Items from a dataset:
::::
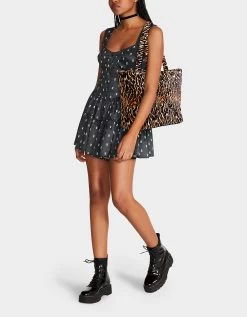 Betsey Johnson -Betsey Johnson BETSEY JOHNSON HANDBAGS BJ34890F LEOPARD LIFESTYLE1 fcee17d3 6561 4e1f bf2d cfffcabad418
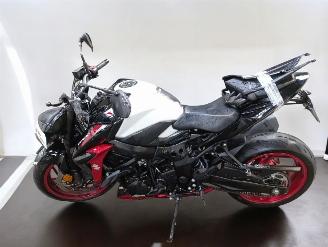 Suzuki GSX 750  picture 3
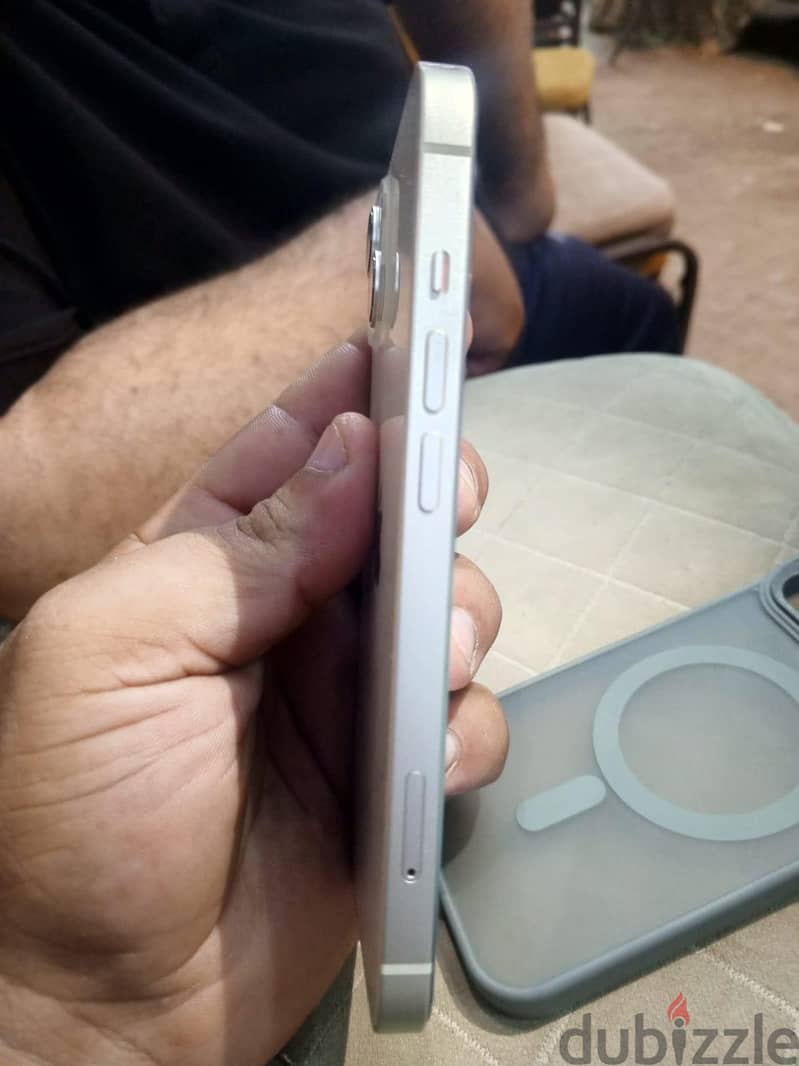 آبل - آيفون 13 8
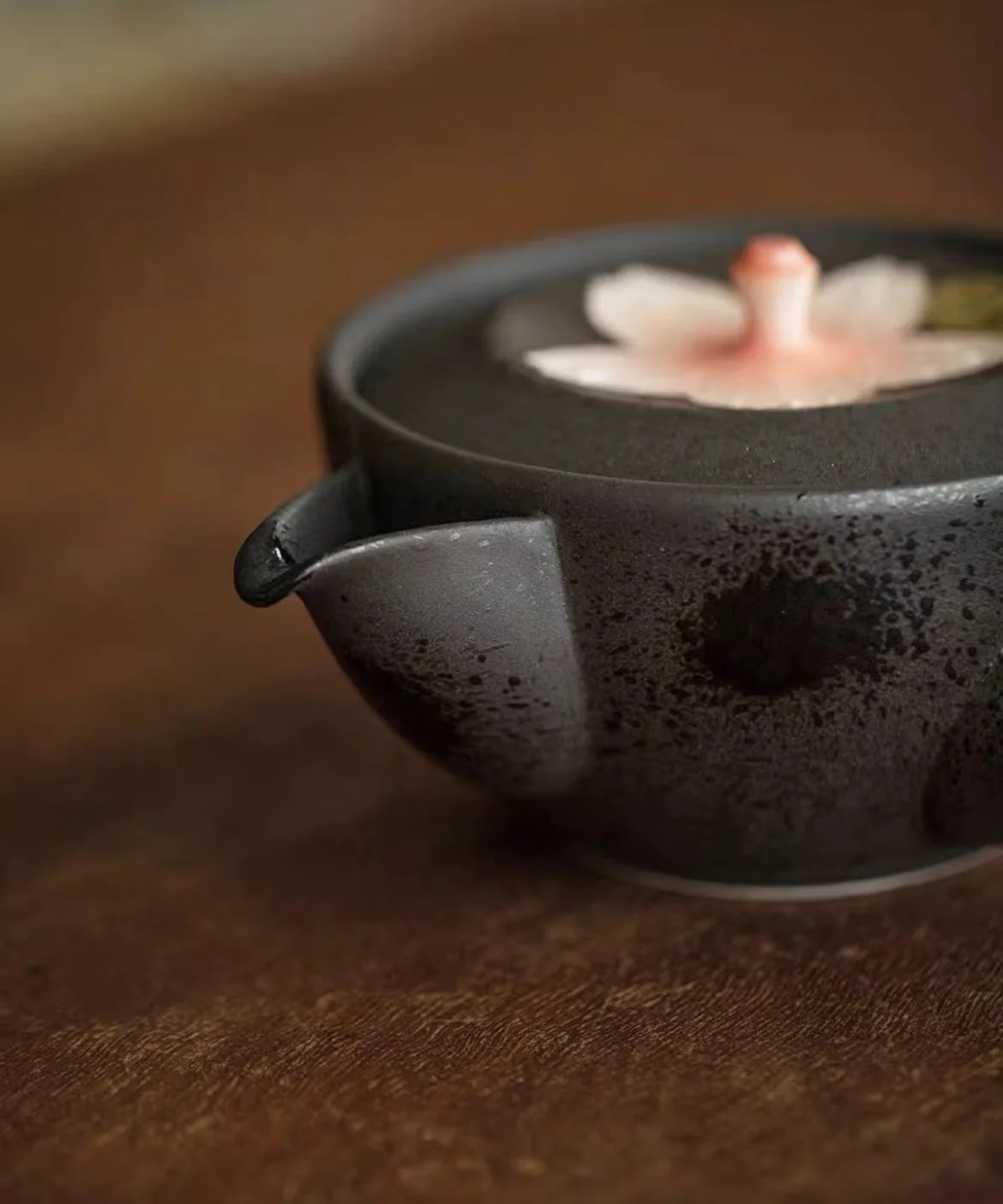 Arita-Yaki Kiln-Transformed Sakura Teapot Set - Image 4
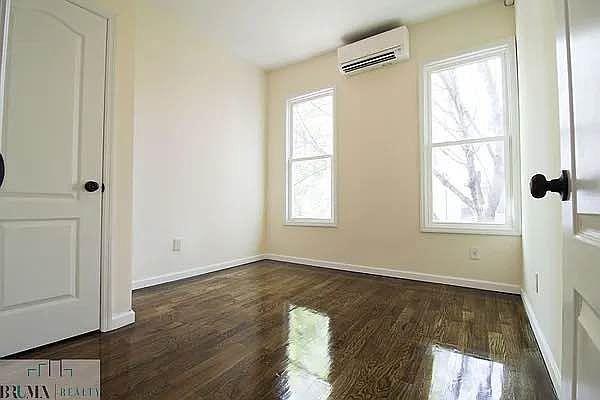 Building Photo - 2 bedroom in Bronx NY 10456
::::
Copy each entry exactly as written, and drop the pictures from the copy.

• RESPONSE TO THIS TASK:
 Betsey Johnson -Betsey Johnson BETSEY JOHNSON HANDBAGS BJ34890F LEOPARD LIFESTYLE1 fcee17d3 6561 4e1f bf2d cfffcabad418
 Suzuki GSX 750  picture 3
 آبل - آيفون 13 8
 Arita-Yaki Kiln-Transformed Sakura Teapot Set - Image 4
 Building Photo - 2 bedroom in Bronx NY 10456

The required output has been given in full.